13
votes

I'm trying to have an anonymous function return multiple columns in the j argument of a data.table. Here's an example:

## sample data
tmpdt <- data.table(a = c(rep("a", 5), rep("b", 5)),
                    b = c(rep("f", 3), rep("r", 7)),
                    c = 1:10,
                    d = 21:30)
tmpdt[c %in% c(2,4), c := NA]

## this works fine
tmpdt[ , list(testout =
                (function(x) {
                    model <- lm(c ~ d, x)
                    residuals(model)
                })(.SD)),
      by = a]

## but I want to return a data.frame from the
## anonymous function

tmpdt[ , list(testout =
                (function(x) {
                    model <- lm(c ~ d, x)
                    tmpresid <- residuals(model)
                    tmpvalue <- x$b[as.numeric(names(tmpresid))]
                    data.frame(tmpvalue, tmpresid)
                })(.SD)),
      by = a]

The second version doesn't work because the function returns a data.frame instead of just a vector. Is there any way to make this work without writing the function call outside of the data.table j argument?

2

2 Answers

18
votes

You don't need an anonymous functions - you can have whatever expression you want wrapped in { } (anonymous body) in j.

tmpdt[, {
          model <- lm(c ~ d, .SD)
          tmpresid <- residuals(model)
          tmpvalue <- b[as.numeric(names(tmpresid))]
          list(tmpvalue, tmpresid) # every element of the list becomes a column in result
        }
      , by = a]

Some documentation on the use of anonymous body { } in j:

  1. Comment in Examples in ?data.table:

anonymous lambda in j: j accepts any valid expression. TO REMEMBER: every element of the list becomes a column in result.

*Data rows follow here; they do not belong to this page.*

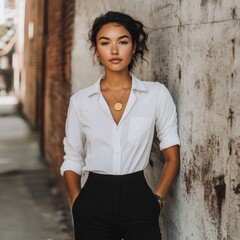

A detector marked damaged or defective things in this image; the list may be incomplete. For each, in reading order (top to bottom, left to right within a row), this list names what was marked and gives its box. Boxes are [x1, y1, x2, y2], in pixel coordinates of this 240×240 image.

cracked wall surface [70, 0, 239, 239] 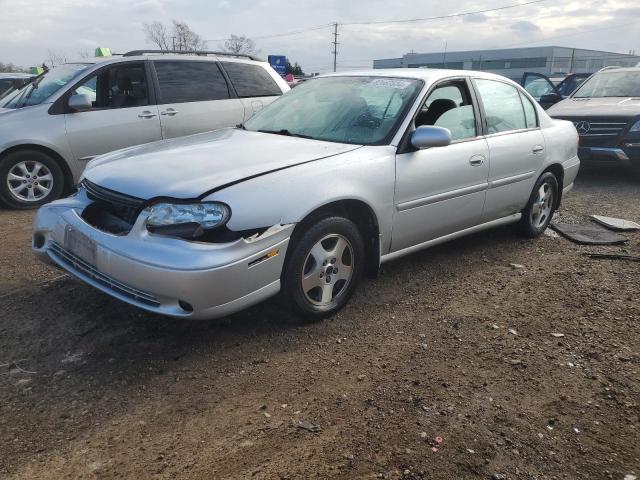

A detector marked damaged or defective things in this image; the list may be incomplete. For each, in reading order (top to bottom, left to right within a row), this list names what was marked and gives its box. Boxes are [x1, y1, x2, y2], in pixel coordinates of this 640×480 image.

crumpled front bumper [32, 190, 296, 318]
broken headlight [144, 202, 230, 237]
dented hood [82, 127, 360, 199]
damaged silver car [32, 70, 580, 318] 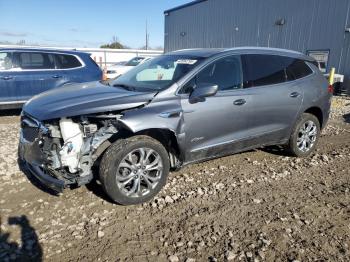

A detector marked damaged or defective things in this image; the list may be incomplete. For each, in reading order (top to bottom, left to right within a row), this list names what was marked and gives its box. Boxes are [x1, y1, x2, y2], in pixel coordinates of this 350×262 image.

crumpled hood [23, 81, 157, 121]
damaged front end [18, 111, 120, 191]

  1. data.table FAQ 2.8 What are the scoping rules for j expressions?

No anonymous function is passed to j. Instead, an anonymous body [{ }] is passed to j [...] Some programming languages call this a lambda.

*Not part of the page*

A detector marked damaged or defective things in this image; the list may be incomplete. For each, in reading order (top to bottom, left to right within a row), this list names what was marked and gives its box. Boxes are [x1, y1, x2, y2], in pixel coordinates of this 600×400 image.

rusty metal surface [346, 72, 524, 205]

  1. Blog post by Andrew Brooks on the use of { } in j: Suppressing intermediate output with {}
0
votes

Just realized the issue right after I did it. No need to have a list:

tmpdt[,(function(x) {
                    model <- lm(c~d,x)
                    tmpresid <- residuals(model)
                    tmpvalue <- x$b[as.numeric(names(tmpresid))]
                    data.frame(tmpvalue,tmpresid)
                })(.SD)),
      by=a]